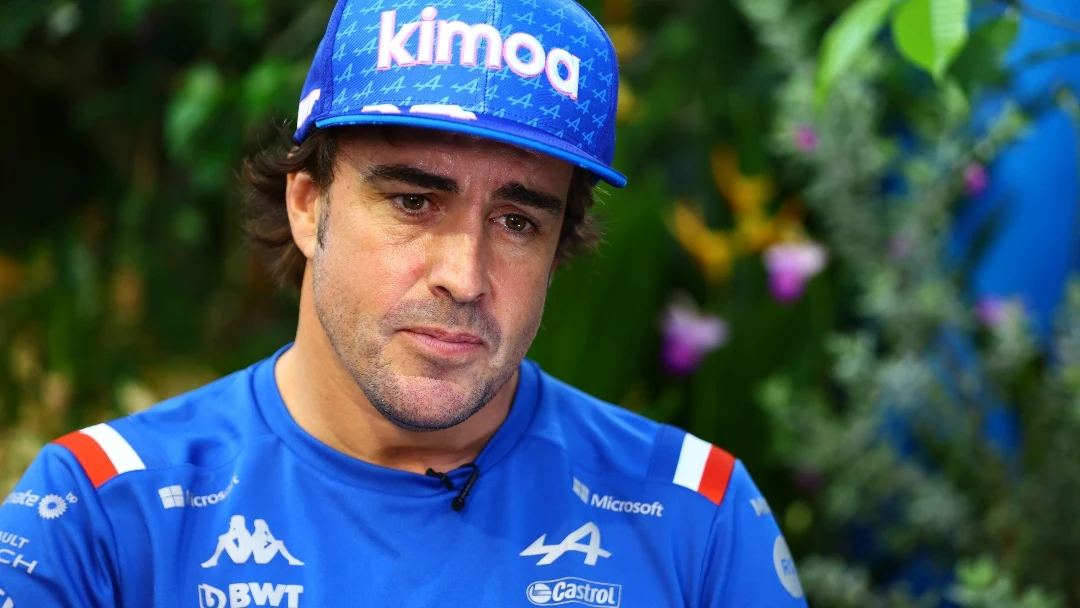 Fernando Alonso con Alpine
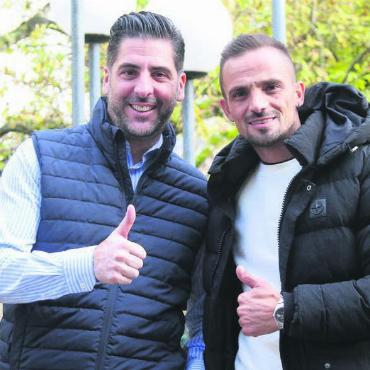 Der Schüler gegen seinen Mentor - Zwei Gegner, die sich gut verstehen: Bremgarten-Trainer Mergim Morina (rechts) empfängt heute mit seinem Team den FC Mutschellen mit Luca Iodice. «Endlich begegnen wir uns auf Augenhöhe», sagt Morina dazu. Bild: Josip Lasic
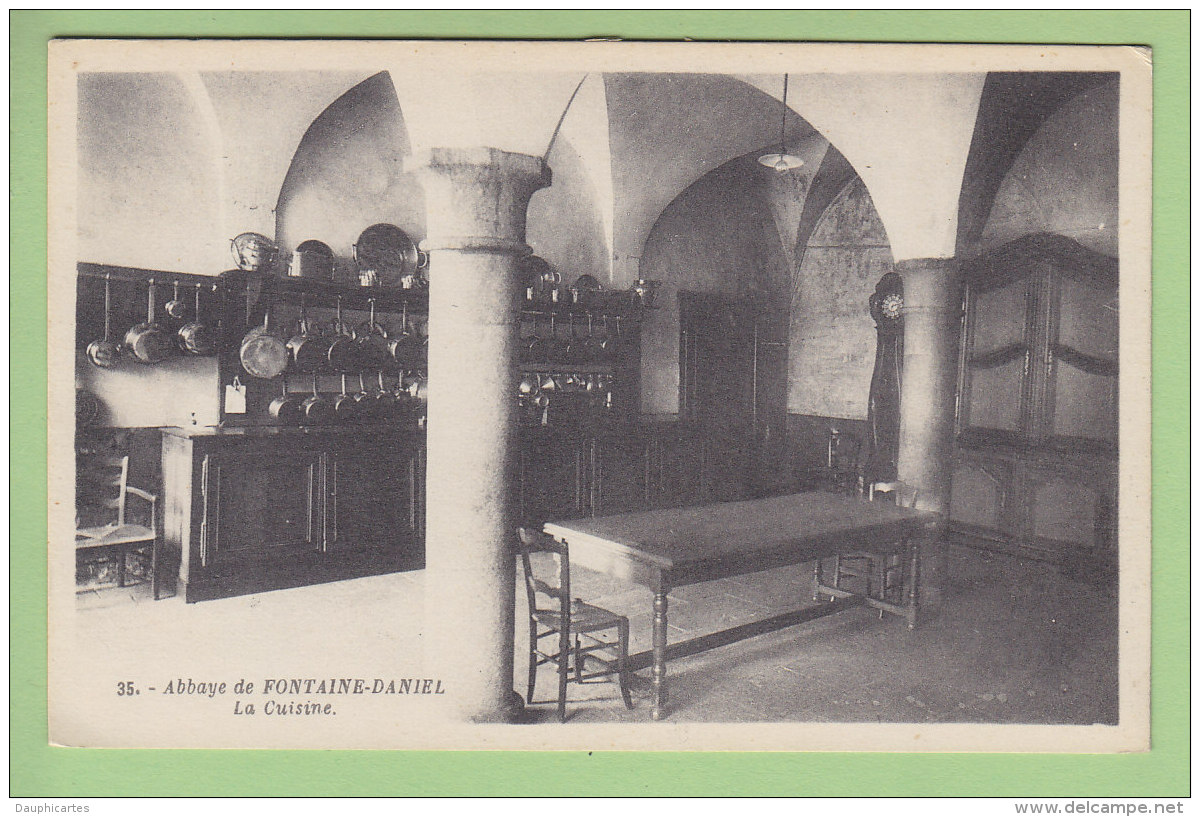 Abbaye De FONTAINE DANIEL : La Cuisine. 2  Scans. Edition Artaud - Autres & Non Classés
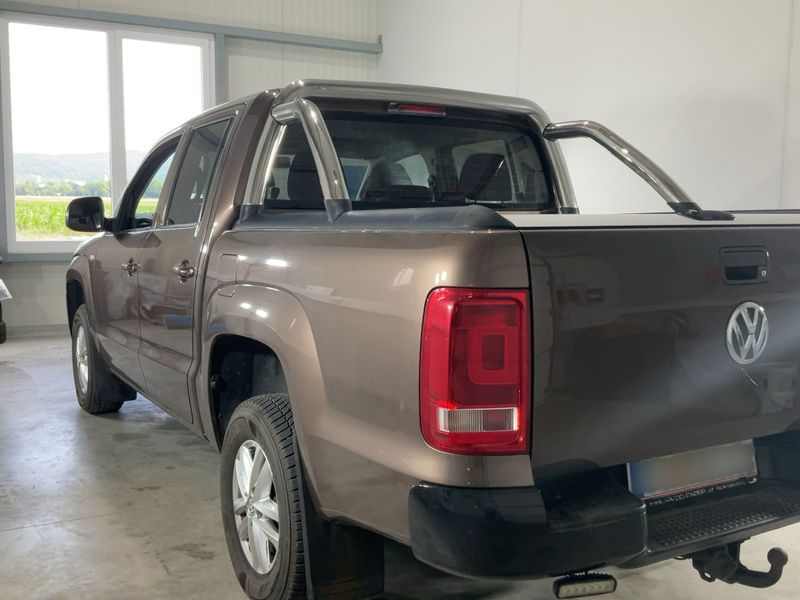 Volkswagen Amarok 2.0 TDI Trendline DoubleCab 4Motion — zdjęcie 3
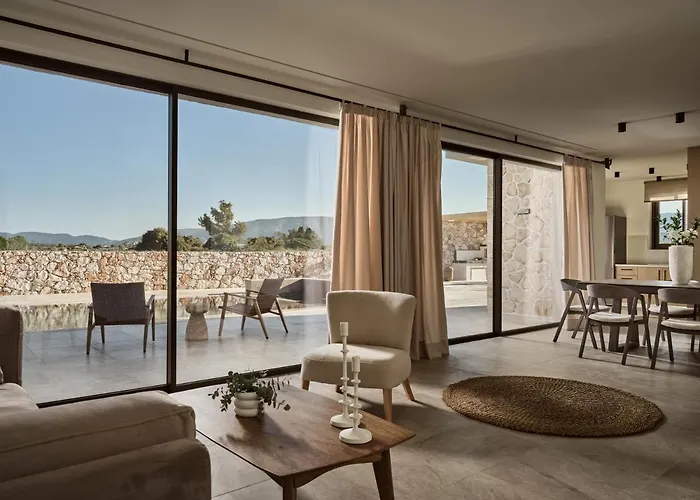 Onore Villa, With Heated Pool & Signature Design, By Thinkvilla *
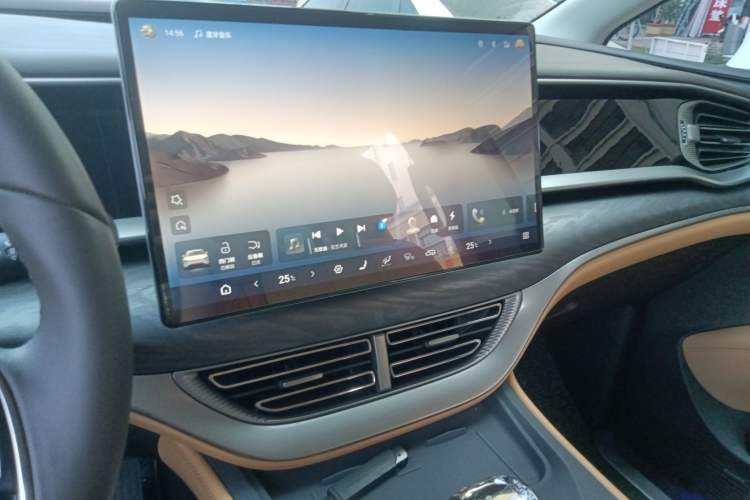 Used Denza D9 2024 EV 620 Premium Model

----

Exercise goal:
Would you please copy, exactly and only, the lines from the one with "Der Schüler gegen" through the end of the entries above, skipping every picture?

Output of the task:
 Der Schüler gegen seinen Mentor - Zwei Gegner, die sich gut verstehen: Bremgarten-Trainer Mergim Morina (rechts) empfängt heute mit seinem Team den FC Mutschellen mit Luca Iodice. «Endlich begegnen wir uns auf Augenhöhe», sagt Morina dazu. Bild: Josip Lasic
 Abbaye De FONTAINE DANIEL : La Cuisine. 2  Scans. Edition Artaud - Autres & Non Classés
 Volkswagen Amarok 2.0 TDI Trendline DoubleCab 4Motion — zdjęcie 3
 Onore Villa, With Heated Pool & Signature Design, By Thinkvilla *
 Used Denza D9 2024 EV 620 Premium Model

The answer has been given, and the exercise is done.